Девяностые годы, плохие или хорошие, предоставляли пространство для каких-то точных и при этом общедоступных социальных высказываний. Была «Бригада», например. Не «Гамлет», конечно, но вполне себе явление культуры. Сейчас про это нельзя говорить, потому что бандиты остались в проклятых девяностых. В нулевых все конфликты разрешены. Нулевые — это действительно очень гладкая история, которая пытается на протяжении десяти лет распрощаться с девяностыми. И говорит: «Эти лихие девяностые, как хорошо, что мы — не они». При этом пока никто всерьёз не работает со «временем гламура», которое мы пережили — «Глянец» Андрона Кончаловского не в счёт. И понятно, почему. Куда ни ткни, затрагиваются чьи-то реальные интересы.

—  По-вашему кинематографисты обращаются к русской истории, потому что не могут говорить правду?

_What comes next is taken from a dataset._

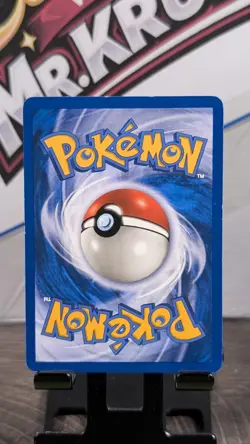 Pokemon Poliwrath Skyridge 26/144 Rare Stage 2 110 HP - Image 2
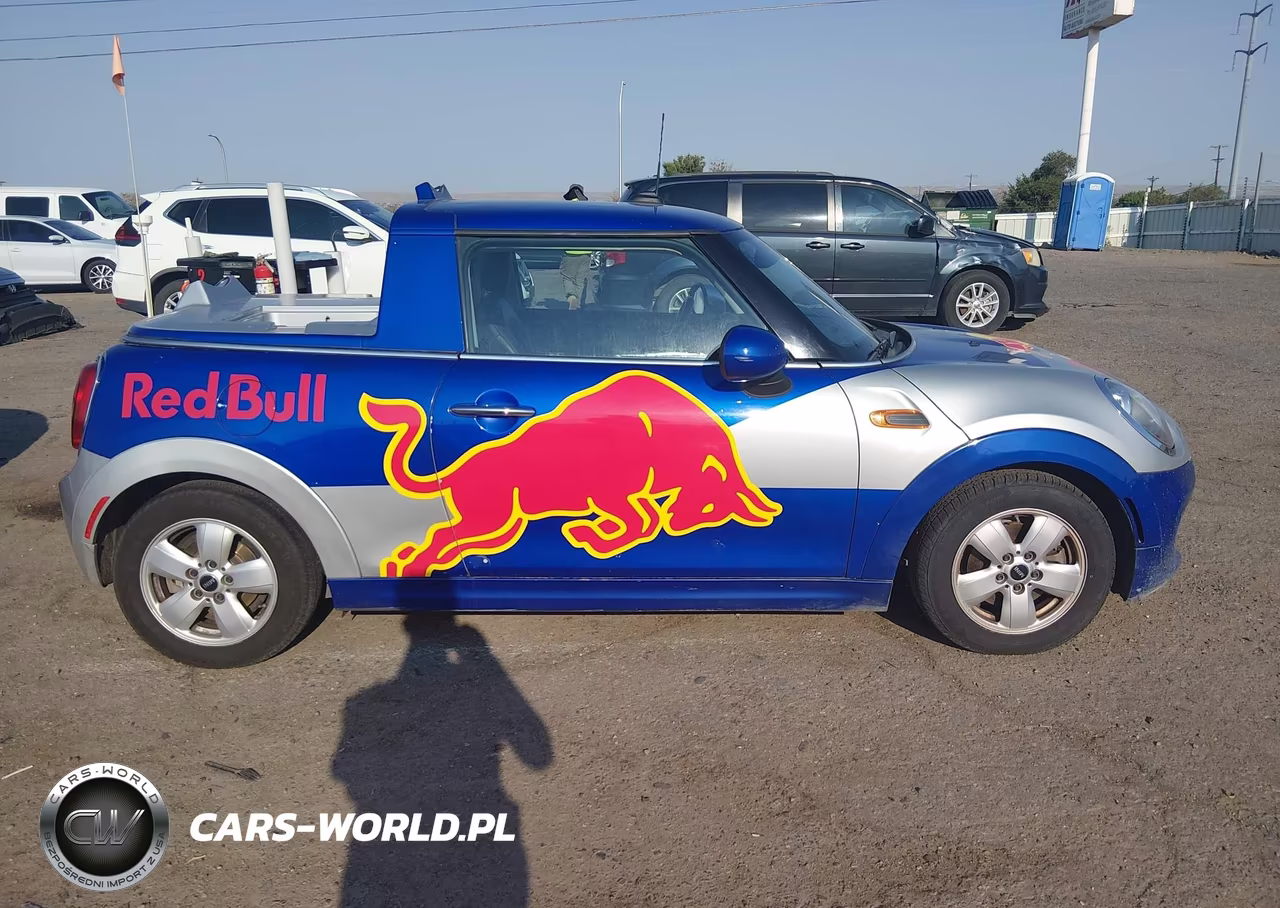 2016 Mini Hardtop Cooper VIN:WMWXP5C55G3B77196 - 13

— Боятся. Перед ними стоит задача, в которой нет ничего омерзительного: они хотят бабла. Они же не только для себя стараются. Сколько людей кормит большая кинокартина? Сотни. И, думая о деньгах, ты составляешь заявку так, чтобы она выглядела как «верняк». Ты не пойдёшь и не скажешь: «Я хочу делать фильм про слияние и поглощение одной крупной продовольственной сети другой». Понятно, что это было бы дико интересно — но русский «Уолл Стрит» нам не светит. Потому что сразу же начнётся: «А про кого? Кто прототип?» А вот про Василису Кожину — никаких вопросов!

— И проката никакого, разве нет?

— Конечно, это кино, которое обречено остаться без зрителя. Чтобы сделать хороший фильм, нужно долго думать и работать. А если пихать заявку под бабло, которое дают здесь и сейчас, получится ерунда. Всегда.